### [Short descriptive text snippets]
((

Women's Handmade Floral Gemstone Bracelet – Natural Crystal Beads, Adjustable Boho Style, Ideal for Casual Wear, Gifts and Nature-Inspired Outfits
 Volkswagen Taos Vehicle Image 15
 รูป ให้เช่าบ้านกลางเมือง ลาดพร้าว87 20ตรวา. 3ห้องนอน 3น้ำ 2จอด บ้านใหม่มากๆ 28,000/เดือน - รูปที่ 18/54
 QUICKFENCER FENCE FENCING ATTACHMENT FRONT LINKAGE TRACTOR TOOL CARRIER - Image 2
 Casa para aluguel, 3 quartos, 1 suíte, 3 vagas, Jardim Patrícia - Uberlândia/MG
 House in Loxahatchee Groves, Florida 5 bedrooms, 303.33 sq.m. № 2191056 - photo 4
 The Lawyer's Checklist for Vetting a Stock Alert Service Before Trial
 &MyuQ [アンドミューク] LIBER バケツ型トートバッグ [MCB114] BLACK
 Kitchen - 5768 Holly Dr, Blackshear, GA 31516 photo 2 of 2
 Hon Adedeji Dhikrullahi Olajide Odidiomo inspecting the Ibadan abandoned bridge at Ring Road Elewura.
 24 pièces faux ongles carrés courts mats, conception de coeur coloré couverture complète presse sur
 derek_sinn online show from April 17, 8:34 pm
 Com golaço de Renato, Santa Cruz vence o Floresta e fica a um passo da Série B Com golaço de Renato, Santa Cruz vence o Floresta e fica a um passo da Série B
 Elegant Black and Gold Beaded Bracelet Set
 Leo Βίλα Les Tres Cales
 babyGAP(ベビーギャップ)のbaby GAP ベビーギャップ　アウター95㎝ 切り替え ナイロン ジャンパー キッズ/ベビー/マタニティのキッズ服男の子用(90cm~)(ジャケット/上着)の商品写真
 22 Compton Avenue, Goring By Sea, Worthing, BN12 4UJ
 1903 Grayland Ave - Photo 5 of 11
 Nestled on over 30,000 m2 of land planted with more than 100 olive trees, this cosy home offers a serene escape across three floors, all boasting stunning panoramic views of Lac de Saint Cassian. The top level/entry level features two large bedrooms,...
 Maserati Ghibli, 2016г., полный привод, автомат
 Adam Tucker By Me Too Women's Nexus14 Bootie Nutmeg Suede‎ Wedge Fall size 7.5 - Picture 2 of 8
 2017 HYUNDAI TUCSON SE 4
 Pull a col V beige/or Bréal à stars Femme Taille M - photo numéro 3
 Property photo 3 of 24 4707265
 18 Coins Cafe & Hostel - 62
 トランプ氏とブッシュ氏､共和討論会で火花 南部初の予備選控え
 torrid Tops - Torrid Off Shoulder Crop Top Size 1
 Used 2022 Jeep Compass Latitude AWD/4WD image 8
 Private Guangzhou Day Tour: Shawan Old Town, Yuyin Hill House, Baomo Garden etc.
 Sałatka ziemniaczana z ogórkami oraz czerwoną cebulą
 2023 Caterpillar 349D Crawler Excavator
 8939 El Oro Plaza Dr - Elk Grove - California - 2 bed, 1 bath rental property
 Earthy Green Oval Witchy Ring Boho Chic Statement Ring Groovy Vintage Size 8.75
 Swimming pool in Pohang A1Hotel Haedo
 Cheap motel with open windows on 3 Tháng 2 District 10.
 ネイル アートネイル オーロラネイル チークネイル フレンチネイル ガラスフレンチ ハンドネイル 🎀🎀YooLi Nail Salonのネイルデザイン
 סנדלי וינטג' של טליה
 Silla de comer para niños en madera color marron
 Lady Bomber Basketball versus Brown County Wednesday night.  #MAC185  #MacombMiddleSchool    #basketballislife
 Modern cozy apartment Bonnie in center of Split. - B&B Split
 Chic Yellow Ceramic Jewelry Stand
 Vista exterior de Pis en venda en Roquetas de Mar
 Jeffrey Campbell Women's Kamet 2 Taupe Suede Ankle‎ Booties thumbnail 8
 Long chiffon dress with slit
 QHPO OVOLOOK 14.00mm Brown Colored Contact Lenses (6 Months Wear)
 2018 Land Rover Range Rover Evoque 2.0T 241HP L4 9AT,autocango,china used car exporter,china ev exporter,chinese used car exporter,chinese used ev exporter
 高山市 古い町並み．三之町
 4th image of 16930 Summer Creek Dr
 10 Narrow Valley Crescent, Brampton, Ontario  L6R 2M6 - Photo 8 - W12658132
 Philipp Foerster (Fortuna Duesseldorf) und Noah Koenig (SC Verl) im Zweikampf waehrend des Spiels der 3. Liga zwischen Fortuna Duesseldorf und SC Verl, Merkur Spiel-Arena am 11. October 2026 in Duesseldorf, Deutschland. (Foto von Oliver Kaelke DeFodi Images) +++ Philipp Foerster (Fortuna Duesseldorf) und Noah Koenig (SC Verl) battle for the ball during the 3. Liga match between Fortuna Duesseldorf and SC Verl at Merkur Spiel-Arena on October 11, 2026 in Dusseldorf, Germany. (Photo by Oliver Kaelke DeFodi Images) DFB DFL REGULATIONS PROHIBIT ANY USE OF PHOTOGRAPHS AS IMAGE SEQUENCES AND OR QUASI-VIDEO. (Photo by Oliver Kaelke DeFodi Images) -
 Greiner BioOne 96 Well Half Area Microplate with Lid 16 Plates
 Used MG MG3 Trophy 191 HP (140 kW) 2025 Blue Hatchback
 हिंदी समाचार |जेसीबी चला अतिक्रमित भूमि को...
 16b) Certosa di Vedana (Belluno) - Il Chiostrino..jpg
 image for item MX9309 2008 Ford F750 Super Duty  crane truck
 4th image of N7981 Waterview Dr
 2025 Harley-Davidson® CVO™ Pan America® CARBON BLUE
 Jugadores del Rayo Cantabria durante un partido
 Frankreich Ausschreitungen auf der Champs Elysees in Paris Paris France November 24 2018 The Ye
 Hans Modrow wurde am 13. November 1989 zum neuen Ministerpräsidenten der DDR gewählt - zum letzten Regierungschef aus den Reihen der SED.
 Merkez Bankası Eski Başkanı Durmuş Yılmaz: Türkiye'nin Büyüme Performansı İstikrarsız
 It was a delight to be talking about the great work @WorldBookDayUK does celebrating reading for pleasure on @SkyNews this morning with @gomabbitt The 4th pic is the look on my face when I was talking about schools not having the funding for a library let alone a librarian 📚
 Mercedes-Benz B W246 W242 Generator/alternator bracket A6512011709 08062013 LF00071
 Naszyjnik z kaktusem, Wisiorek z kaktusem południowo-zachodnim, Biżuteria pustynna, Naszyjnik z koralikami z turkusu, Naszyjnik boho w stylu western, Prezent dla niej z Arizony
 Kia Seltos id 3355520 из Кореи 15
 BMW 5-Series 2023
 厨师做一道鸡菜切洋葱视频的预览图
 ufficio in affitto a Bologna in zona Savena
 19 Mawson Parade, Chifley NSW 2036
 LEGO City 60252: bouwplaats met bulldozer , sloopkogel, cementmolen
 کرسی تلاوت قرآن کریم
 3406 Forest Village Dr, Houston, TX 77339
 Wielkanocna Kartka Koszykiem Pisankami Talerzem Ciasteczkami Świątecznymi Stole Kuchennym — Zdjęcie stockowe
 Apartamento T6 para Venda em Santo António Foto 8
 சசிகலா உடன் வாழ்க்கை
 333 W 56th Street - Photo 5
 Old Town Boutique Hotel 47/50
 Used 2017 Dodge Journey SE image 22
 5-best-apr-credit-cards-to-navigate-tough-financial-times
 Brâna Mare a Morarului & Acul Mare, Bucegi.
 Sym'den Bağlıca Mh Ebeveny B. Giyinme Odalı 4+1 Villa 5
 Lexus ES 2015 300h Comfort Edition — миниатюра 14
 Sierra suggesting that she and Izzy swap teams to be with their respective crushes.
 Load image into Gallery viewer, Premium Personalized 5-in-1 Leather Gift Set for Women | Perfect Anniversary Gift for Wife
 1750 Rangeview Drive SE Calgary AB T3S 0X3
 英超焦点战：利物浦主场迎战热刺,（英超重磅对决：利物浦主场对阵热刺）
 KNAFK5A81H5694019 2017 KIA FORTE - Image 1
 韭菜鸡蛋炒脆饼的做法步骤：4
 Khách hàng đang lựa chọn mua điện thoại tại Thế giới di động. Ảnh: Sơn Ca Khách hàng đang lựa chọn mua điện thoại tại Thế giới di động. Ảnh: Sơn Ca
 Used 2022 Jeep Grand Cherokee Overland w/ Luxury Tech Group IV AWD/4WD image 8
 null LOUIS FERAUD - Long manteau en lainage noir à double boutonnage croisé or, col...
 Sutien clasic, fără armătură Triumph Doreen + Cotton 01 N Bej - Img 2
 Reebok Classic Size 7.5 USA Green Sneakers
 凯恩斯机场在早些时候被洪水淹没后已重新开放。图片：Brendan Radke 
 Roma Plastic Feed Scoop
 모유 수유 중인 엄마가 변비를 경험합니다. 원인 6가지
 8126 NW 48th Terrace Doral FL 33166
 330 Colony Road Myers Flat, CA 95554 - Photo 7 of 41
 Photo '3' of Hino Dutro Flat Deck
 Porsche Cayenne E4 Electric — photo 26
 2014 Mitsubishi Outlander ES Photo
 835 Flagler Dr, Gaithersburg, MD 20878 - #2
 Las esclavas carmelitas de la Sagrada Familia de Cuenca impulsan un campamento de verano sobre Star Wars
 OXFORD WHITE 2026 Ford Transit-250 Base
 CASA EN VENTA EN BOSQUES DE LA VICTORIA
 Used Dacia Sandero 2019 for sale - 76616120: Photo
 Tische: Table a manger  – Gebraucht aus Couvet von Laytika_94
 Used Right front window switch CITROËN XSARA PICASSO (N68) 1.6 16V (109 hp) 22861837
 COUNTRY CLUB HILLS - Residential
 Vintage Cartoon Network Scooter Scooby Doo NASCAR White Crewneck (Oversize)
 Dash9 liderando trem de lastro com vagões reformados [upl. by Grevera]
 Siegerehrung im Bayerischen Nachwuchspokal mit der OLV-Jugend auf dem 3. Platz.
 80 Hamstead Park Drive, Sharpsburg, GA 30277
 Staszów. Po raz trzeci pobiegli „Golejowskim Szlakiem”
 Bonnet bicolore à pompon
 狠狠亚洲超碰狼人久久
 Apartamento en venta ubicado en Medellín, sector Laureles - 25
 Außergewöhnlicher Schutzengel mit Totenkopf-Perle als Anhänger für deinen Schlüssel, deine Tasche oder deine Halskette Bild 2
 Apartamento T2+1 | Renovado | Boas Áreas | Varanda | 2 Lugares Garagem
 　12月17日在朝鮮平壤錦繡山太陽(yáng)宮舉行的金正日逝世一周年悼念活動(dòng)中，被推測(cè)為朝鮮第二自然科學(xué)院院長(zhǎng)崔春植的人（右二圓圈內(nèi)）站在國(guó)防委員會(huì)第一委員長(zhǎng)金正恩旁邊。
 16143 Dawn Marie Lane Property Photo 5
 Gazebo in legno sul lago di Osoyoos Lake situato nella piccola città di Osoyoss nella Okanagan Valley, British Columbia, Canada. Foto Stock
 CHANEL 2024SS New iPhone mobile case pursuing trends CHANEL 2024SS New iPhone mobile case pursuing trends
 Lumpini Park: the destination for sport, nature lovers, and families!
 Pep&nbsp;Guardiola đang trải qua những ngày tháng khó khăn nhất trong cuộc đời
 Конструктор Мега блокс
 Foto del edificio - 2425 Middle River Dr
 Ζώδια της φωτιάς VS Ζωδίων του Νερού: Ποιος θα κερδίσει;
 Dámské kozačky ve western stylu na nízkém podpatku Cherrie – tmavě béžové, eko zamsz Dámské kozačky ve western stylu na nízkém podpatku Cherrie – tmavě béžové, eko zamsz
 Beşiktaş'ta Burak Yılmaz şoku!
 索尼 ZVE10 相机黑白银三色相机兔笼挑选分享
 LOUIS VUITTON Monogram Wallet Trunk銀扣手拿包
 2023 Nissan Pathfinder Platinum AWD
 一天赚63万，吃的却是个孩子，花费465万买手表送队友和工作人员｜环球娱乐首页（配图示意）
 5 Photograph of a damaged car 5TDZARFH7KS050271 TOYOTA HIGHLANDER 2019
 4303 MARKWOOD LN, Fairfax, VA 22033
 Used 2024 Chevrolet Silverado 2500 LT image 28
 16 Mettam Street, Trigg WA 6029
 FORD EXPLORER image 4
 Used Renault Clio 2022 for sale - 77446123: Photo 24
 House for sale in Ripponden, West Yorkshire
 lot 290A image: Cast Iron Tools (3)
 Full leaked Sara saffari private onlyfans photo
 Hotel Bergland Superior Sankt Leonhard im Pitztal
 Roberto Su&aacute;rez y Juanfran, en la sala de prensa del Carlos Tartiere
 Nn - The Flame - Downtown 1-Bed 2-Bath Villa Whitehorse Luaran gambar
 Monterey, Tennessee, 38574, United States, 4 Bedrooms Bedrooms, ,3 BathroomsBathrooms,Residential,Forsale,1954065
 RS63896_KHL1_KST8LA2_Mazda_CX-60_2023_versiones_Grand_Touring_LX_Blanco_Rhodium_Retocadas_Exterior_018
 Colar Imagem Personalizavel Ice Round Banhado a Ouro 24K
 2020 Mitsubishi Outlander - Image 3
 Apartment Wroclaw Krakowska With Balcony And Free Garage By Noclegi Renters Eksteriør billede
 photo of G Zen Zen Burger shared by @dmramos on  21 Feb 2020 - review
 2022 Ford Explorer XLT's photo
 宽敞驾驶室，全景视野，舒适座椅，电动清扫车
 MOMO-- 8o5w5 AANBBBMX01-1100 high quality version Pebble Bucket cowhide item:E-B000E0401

))

### [Exercise brief]
In the entries above, restate word for word the lines between the one holding "Staszów. Po raz" and the one holding "Außergewöhnlicher Schutzengel mit", inclusive, and nothing besides.

### [Response box]
 Staszów. Po raz trzeci pobiegli „Golejowskim Szlakiem”
 Bonnet bicolore à pompon
 狠狠亚洲超碰狼人久久
 Apartamento en venta ubicado en Medellín, sector Laureles - 25
 Außergewöhnlicher Schutzengel mit Totenkopf-Perle als Anhänger für deinen Schlüssel, deine Tasche oder deine Halskette Bild 2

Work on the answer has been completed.